Neuropsychopharmacology : official publication of the American College of Neuropsychopharmacology
June 16, 2026
Nadia Hejazi, Mina Kheirkhah, Brady Riedner et al.
Slow-wave activity (SWA) during early non-rapid eye movement sleep is lower in people with treatment-resistant depression (TRD) than in healthy volunteers. Ketamine, but not placebo, increases SWA in TRD patients, especially those who respond to treatment, while having no effect on SWA in healthy volunteers. Ketamine also improves overall sleep in TRD patients by increasing total sleep time and sleep efficiency and reducing sleep latency. The increase in SWA after ketamine lessens with age.
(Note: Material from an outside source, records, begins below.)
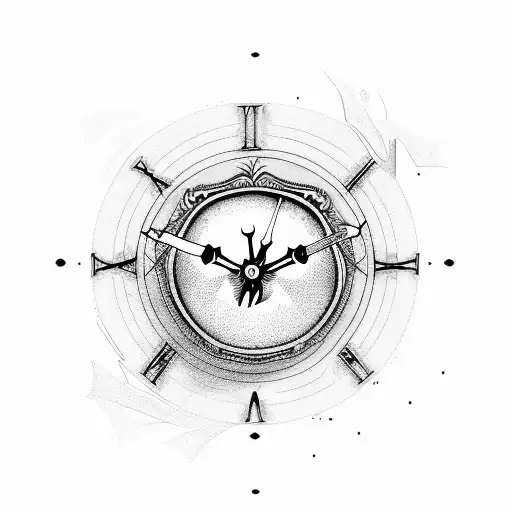 Clock, words, swords, ace of hearts tattoo design idea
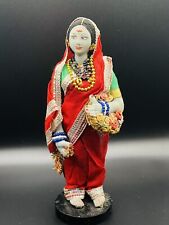 Rare Blue Vintage Handmade Folk Art Hindu Indian Diety Goddess picture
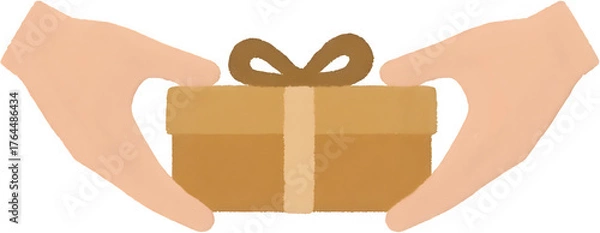 Obraz 두손으로전하는선물교환감성일러스트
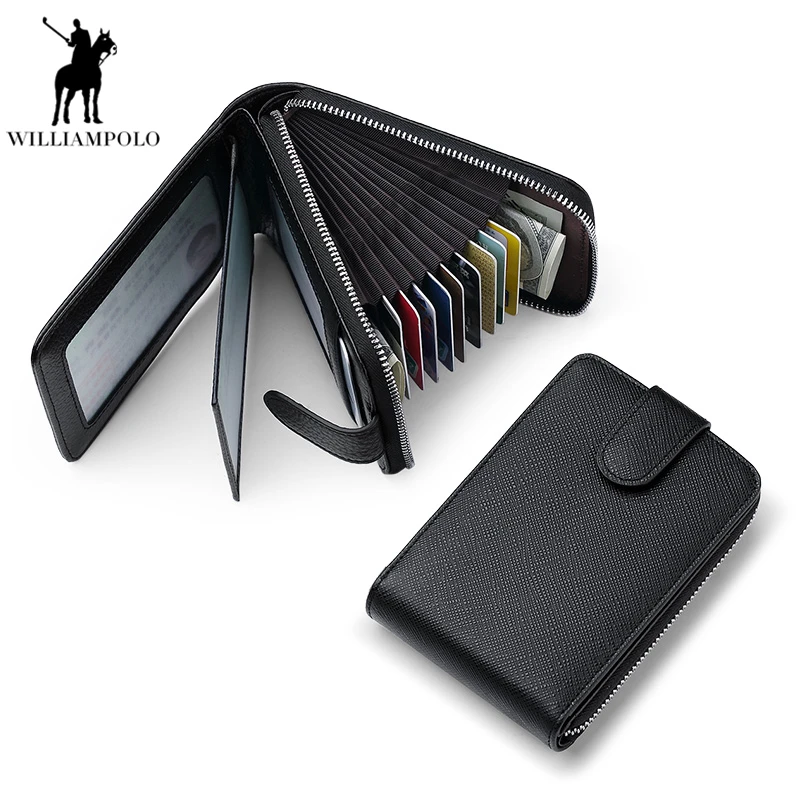 

Williampolo Wallet Men Unisex Credit Card Holder Genuine Leather Business Pocket Zipper Buckle Purse portefeuille homme PL282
The findings suggest that ketamine's antidepressant effects are closely tied to its modulation of early sleep SWA and its ability to improve sleep architecture in TRD.
Pharmacological reports : PR
January 22, 2026
Taichi Goto, Joy D Kreskow, Alexander L R Ross et al.
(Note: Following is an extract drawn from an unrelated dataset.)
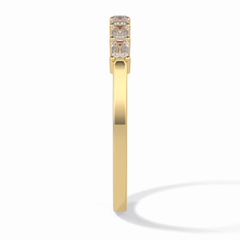 Crystal Lattice 0.42 Carat Emerald VS1 Lab-Grown Wedding Band in 18K Yellow Gold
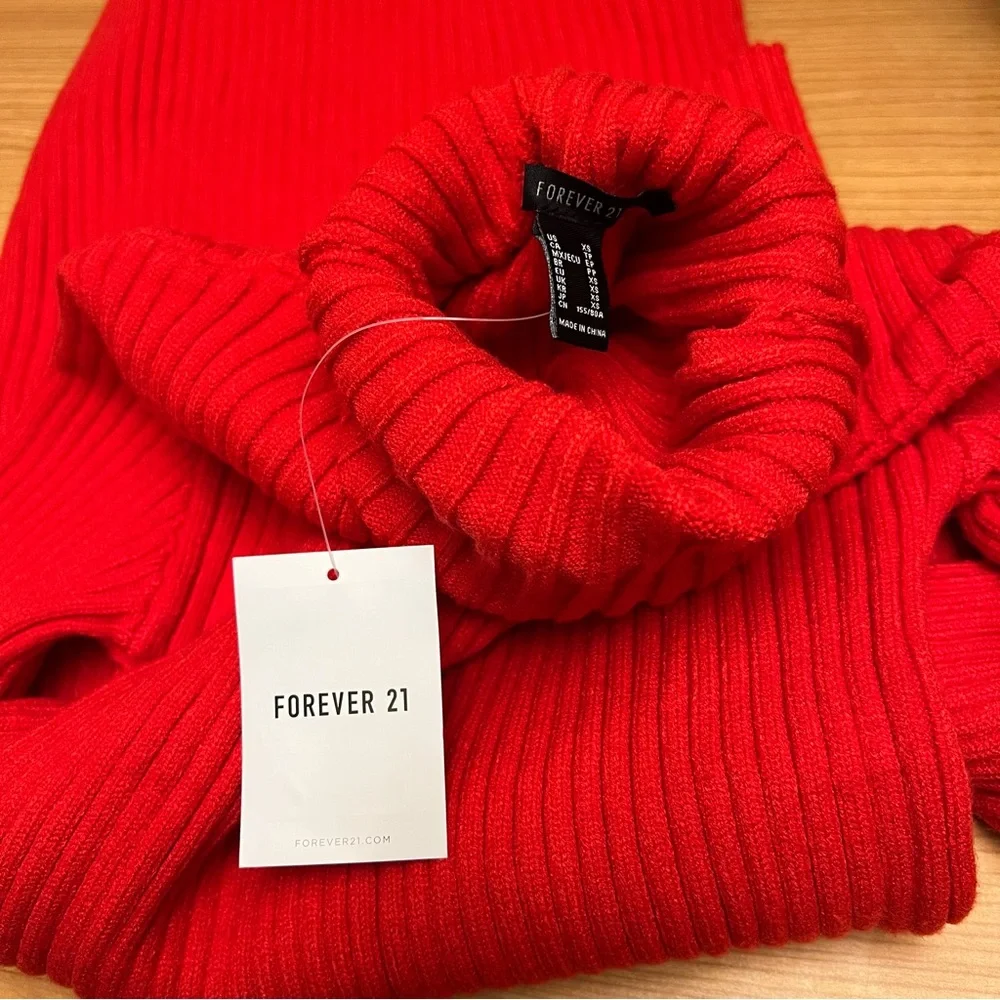 Forever 21 Red Ribbed Turtleneck Long Sleeve Bodycon Mini Sweater Dress XS NEW - Picture 3 of 7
A small pilot trial tested whether a single low dose of ketamine (0.5 mg/kg) can reduce fatigue in people with chronic illnesses such as cancer, fibromyalgia, chronic fatigue syndrome, or lupus. Ten participants received both ketamine and the active placebo midazolam in random order, with a washout period between treatments. Because fatigue levels differed between the two study periods, results were analyzed separately. In the first period, fatigue scores dropped 21.0% after ketamine and 17.7% after midazolam; in the second period, the drops were 10.9% and 12.6%, respectively. The differences were not statistically significant, but the ketamine group showed a peak 38.7% reduction one day after infusion. The authors suggest future studies avoid crossover designs and find a better active placebo.
Journal of affective disorders
December 15, 2024
Rodrigo Machado-Vieira, Gregory H Jones, Alan C Courtes et al.
Fatigue, a multidimensional condition that often overlaps with depression, responds only modestly to standard antidepressants and mood stabilizers but has shown positive response to intravenous ketamine, which is limited by cost and access. This study evaluated a single 50 mg dose of intranasal ketamine in 28 individuals with major depressive disorder or bipolar depression, about 60% of whom also had alcohol use disorder. The group by time interaction for the NIH-Brief Fatigue Inventory score was significant, favoring intranasal ketamine over placebo at 4, 24, and 48 hours post-treatment. Intranasal ketamine was well-tolerated with minimal adverse effects. The findings suggest intranasal ketamine induces rapid anti-fatigue effects and may serve as an alternative rapid-acting option for fatigue across different medical conditions.